The data section start
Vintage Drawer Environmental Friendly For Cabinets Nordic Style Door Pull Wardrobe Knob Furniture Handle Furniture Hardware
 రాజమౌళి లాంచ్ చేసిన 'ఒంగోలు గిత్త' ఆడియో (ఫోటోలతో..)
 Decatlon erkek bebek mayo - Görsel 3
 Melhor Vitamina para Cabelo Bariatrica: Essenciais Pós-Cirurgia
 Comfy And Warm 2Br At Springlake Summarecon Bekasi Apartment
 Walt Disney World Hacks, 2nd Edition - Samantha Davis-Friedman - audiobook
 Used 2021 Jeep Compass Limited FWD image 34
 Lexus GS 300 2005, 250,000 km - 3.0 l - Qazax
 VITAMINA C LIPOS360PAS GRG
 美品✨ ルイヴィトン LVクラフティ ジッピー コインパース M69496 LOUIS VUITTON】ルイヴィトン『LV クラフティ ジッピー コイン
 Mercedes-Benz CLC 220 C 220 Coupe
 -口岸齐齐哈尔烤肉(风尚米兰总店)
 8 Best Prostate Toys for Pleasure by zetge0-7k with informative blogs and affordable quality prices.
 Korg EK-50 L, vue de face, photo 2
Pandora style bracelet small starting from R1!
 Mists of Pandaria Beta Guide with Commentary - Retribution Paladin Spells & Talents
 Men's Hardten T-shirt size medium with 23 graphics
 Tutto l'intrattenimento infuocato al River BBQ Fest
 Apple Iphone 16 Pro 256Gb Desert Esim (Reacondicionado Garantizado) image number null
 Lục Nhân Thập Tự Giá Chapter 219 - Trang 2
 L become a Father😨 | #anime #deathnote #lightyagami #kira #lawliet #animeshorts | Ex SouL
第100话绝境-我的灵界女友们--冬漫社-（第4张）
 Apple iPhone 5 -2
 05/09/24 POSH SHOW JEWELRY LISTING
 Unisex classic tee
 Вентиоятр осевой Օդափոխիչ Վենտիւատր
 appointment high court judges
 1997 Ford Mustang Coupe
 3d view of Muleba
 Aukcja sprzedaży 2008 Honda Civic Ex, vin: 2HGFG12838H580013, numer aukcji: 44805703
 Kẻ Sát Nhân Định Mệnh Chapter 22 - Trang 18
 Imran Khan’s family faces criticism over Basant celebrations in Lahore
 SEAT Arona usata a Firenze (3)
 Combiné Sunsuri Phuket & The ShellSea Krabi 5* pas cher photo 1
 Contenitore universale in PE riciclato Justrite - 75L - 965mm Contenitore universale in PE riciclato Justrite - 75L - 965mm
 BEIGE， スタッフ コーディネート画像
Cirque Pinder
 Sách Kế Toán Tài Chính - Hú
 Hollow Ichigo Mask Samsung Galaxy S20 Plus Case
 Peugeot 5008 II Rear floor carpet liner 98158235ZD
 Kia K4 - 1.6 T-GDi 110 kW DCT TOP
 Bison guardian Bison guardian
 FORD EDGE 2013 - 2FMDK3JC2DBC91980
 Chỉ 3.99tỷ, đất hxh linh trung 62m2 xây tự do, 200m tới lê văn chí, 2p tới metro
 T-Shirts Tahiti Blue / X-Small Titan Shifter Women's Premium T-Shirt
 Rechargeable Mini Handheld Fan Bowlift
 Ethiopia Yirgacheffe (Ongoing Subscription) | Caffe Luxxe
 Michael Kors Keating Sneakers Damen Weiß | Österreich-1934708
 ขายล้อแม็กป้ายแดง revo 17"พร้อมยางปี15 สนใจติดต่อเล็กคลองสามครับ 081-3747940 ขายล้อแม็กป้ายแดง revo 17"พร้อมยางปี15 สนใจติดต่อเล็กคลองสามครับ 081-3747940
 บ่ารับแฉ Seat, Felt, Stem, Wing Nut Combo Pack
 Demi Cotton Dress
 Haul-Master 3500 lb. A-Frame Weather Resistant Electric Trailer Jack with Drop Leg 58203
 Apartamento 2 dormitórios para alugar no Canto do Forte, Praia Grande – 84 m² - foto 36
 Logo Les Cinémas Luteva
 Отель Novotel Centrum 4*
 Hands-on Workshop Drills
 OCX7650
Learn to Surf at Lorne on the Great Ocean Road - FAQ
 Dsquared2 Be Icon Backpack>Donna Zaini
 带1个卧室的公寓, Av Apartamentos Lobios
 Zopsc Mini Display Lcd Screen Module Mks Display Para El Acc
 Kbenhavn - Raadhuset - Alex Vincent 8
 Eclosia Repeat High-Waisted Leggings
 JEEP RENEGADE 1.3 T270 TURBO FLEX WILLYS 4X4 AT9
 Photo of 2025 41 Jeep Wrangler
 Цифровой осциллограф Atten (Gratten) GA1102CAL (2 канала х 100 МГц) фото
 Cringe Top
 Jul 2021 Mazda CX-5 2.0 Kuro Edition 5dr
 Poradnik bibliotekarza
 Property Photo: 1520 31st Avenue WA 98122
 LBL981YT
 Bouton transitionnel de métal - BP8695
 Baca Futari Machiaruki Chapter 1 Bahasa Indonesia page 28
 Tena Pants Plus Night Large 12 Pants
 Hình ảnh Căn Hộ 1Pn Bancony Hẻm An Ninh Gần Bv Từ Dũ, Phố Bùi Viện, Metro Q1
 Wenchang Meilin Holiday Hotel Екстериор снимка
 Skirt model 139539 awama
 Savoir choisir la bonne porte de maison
The data section end
The lines to extract from the data above begin with the line containing "Sách Kế Toán Tài Chính - Hú" and end with the line containing "Dsquared2 Be Icon Backpack>Donna Zaini". Extract them exactly, including both.

 Sách Kế Toán Tài Chính - Hú
 Hollow Ichigo Mask Samsung Galaxy S20 Plus Case
 Peugeot 5008 II Rear floor carpet liner 98158235ZD
 Kia K4 - 1.6 T-GDi 110 kW DCT TOP
 Bison guardian Bison guardian
 FORD EDGE 2013 - 2FMDK3JC2DBC91980
 Chỉ 3.99tỷ, đất hxh linh trung 62m2 xây tự do, 200m tới lê văn chí, 2p tới metro
 T-Shirts Tahiti Blue / X-Small Titan Shifter Women's Premium T-Shirt
 Rechargeable Mini Handheld Fan Bowlift
 Ethiopia Yirgacheffe (Ongoing Subscription) | Caffe Luxxe
 Michael Kors Keating Sneakers Damen Weiß | Österreich-1934708
 ขายล้อแม็กป้ายแดง revo 17"พร้อมยางปี15 สนใจติดต่อเล็กคลองสามครับ 081-3747940 ขายล้อแม็กป้ายแดง revo 17"พร้อมยางปี15 สนใจติดต่อเล็กคลองสามครับ 081-3747940
 บ่ารับแฉ Seat, Felt, Stem, Wing Nut Combo Pack
 Demi Cotton Dress
 Haul-Master 3500 lb. A-Frame Weather Resistant Electric Trailer Jack with Drop Leg 58203
 Apartamento 2 dormitórios para alugar no Canto do Forte, Praia Grande – 84 m² - foto 36
 Logo Les Cinémas Luteva
 Отель Novotel Centrum 4*
 Hands-on Workshop Drills
 OCX7650
Learn to Surf at Lorne on the Great Ocean Road - FAQ
 Dsquared2 Be Icon Backpack>Donna Zaini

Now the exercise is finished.